Finalmente Khalid hizo una seña con la cabeza a sus ayudantes, y él mismo levantó el cuenco de la bandeja con una gran tenaza y lo llevó hasta una mesa en el patio, puesta allí especialmente para la demostración.
—Ahora quitamos la escoria, gran Kan —dijo mientras con una paleta quitaba el plomo derretido fuera del cuenco y lo ponía en un bote de piedra que estaba sobre la mesa—. Y en el fondo podemos ver; ah…
Sonrió y se secó la frente con la manga, luego señaló el cuenco.
—Hasta cuando está derretido encandila los ojos.
En el fondo del cuenco el líquido era de un rojo más oscuro. Con una espátula, Khalid quitó con cuidado los desechos que quedaban; allí, en el fondo del cuenco, se veía una masa de oro líquido que comenzaba a enfriarse.
—Mientras esté líquido podemos verterlo en un molde con forma de lingote —dijo Khalid con modesta satisfacción—. Por lo que veo, aquí podría haber unas diez onzas. Eso sería una séptima parte de los materiales básicos, tal como lo había pronosticado.
El rostro de Sayyed Abdul Aziz brillaba como el oro. Se dio vuelta para mirar a su secretario Nadir Divanbegi, quien observaba detenidamente el crisol de cerámica.
Sin expresión alguna en su rostro, Nadir hizo señas a uno de los guardias del kan para que se acercara. El resto de ellos susurraba detrás del equipo del alquimista. Sus picas estaban aún erguidas, pero ahora estaban en posición de firmes.
—Incautaos de los instrumentos —ordenó al jefe de los guardias.
Tres soldados le ayudaron a recoger todas las herramientas utilizadas en la operación, incluyendo la gran retorta. Cuando tuvieron todo en su poder, Nadir se acercó a uno de los guardias y cogió el cucharón que Khalid había utilizado para remover los metales líquidos. Con un único e inesperado movimento lo golpeó violentamente contra la mesa. Sonó como una campana. Levantó la vista para mirar a Sayyed Abdul Aziz, quien a su vez miraba fijamente a su secretario, desconcertado. Nadir llamó a uno de los piqueros y luego puso el cucharón sobre la mesa.
—Cortadlo.
La pica bajó con fuerza, y el cucharón se abrió justo en la cavidad. Nadir levantó el mango y el cazo y los inspeccionó. Se los mostró al kan.
—Véis; el tubo es hueco. El oro estaba en el tubo dentro del mango, y cuando revolvía, el calor derretía el oro, entonces se deslizaba hasta salir y mezclarse con el plomo en el crisol.
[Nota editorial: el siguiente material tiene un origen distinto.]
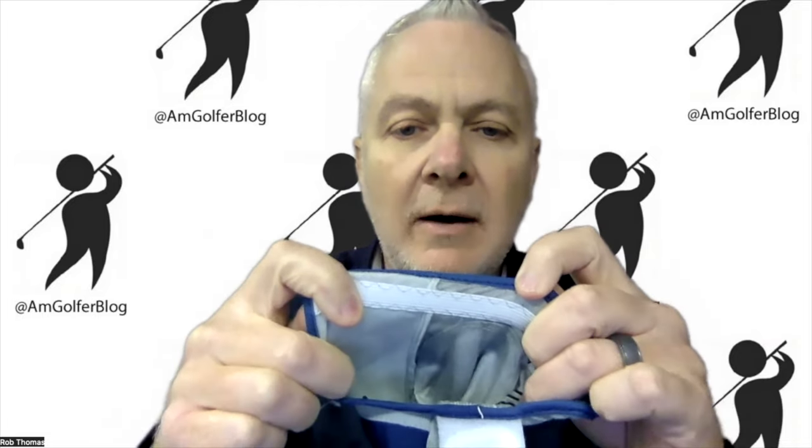Inside there is an internal thermoplastic urethane overlay — you can see that in there — which inhibits wear and tear, making this glove really durable.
Mientras él revolvía, el oro se asentaba en el fondo.
Bahram miró a Khalid, escandalizado, y vio que era cierto. El rostro de su suegro estaba pálido y había dejado de sudar. Ahora era hombre muerto.
El kan rugió pero no dijo una sola palabra, luego saltó sobre Khalid y lo golpeó con el libro que él le había regalado antes. Khalid no se resistió.
—¡Lleváoslo! —bramó Sayyed Abdul Aziz a sus soldados.
Ellos levantaron a Khalid por los brazos y lo arrastraron atravesando la polvareda, sin permitirle que se pusiera de pie, y lo arrojaron sobre un camello. En un minuto no había nadie en el recinto, en el aire flotaban el humo y el polvo y los gritos que sonaban lejos.